[LINK] Renewable energy 'simply WON'T WORK'
stephenloosley at zoho.com
Wed Nov 26 22:37:43 AEDT 2014
---- On Wed, 26 Nov 2014 David writes ----
> To pretend that anything is proven to be "impossible" shows ignorance
> and arrogance (or perhaps a vested interest) .. I reckon much of the
> solution lies in demand management, "smart grids" and other efficiencies.
> David Boxall | When a distinguished but elderly scientist states that
> something is possible, he is almost certainly right. When he states
> that something is impossible, he is very probably wrong. -- Arthur C.
Yes, we CAN do this .. Portugal is .. but we need the will, and a different government
"Portugal .. almost 60 per cent of its energy from renewable sources"
By Emily Stewart Posted 20th Nov 2014
Portugal has a population of just 11 million people but it is punching above its weight in renewable energy industries.
Almost 60 per cent of its energy needs came from renewable sources last year, a 20 per cent increase from 2012.
Carlos Pimenta is considered the country's renewable guru. The former Portuguese and European Parliament member was a negotiator for the Kyoto protocol and with Al Gore a founder of the GLOBE organisation.
He said the energy market has changed dramatically since its liberalisation.
"If you go back 10 years you have centralised gas, oil and electricity with big utilities on top and consumers on bottom paying the bill," he said.
"Nowadays you have thousands of families that produce part of their own electricity... hundreds of small wind farms, solar farms, small biomass that feed-in to the grid."

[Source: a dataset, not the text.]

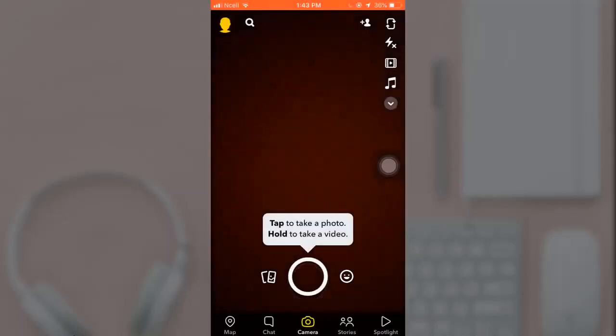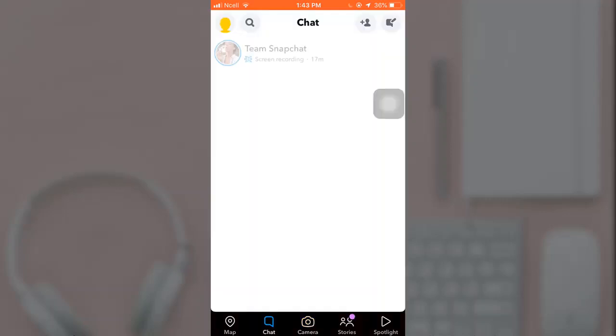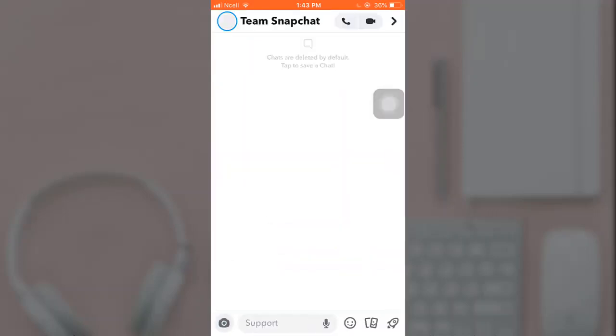Today I'll be teaching you how to chat on Snapchat. First off, open your app. There you can see the option of chat. Tap on it. Tap on the search icon and select any friend you want to chat with.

Official Portuguese figures show the annual fossil fuel bill has been slashed by 800 million euros through the rise of renewables.
Former state energy company triples renewable energy output
Energias de Portugal (EDP) is the former state-owned energy utility and has coal, hydro and wind plants.
It has been transforming its business and has tripled its renewables in the past eight years up to 70 per cent of total energy.
EDP's head of Innovation, Antonio Vidigal, said the company has invested 100 million euros into an offshore wind project, the first in open Atlantic waters.
"If you think of a normal common offshore project it is anchored to the bottom of the sea, it is typically to depths of 10 to 20 metres. Here we can go on any depths bigger than 50 metres," he said.
It has already survived two major storms.
Mr Vidigal said the project will soon be commercialised.
"This type of technology has the advantage for Australia in not being aggressive," he said.
"You have beautiful coastlines, coral, and you can put it in with very little impact."
Government recovering from early mistakes in the renewable race
The move to renewables has been rapid and the country's government acknowledges mistakes have been made.
Director General for Energy and Geology, Pedro Cabral, said the government was paying too much for several years.
"Technology had evolved very fast and the tariffs in use led to high costs to the consumers," he said.
The industry managed to survive the global financial crisis, despite the fact Portugal was brought to its knees and needed a 78 billion dollar bailout.
In fact, Mr Pimenta said it was one of the best performing industries during the crisis.
"It helped the country generate exports of technology services," he said.
"High quality services, mathematical models, grids, not only devices.
"The good thing, we produce the machines, we export the machines, the last five years thousands of industrial jobs have been created."